__GOAL OF THE EXERCISE__. Reproduce each line, exactly, from the one containing "Fernsicht mit Vordergrund" through the end of the material. Exclude pictures.

__GIVEN MATERIAL__.
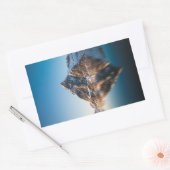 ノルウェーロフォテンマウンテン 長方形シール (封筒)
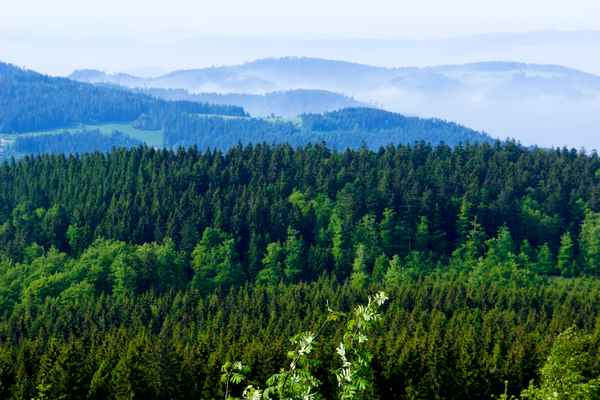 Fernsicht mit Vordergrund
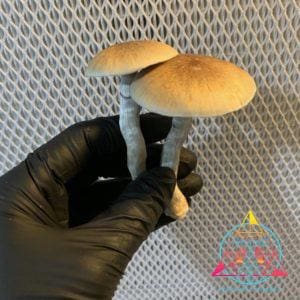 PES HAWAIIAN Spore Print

__REPLY TO THE TASK__.
 Fernsicht mit Vordergrund
 PES HAWAIIAN Spore Print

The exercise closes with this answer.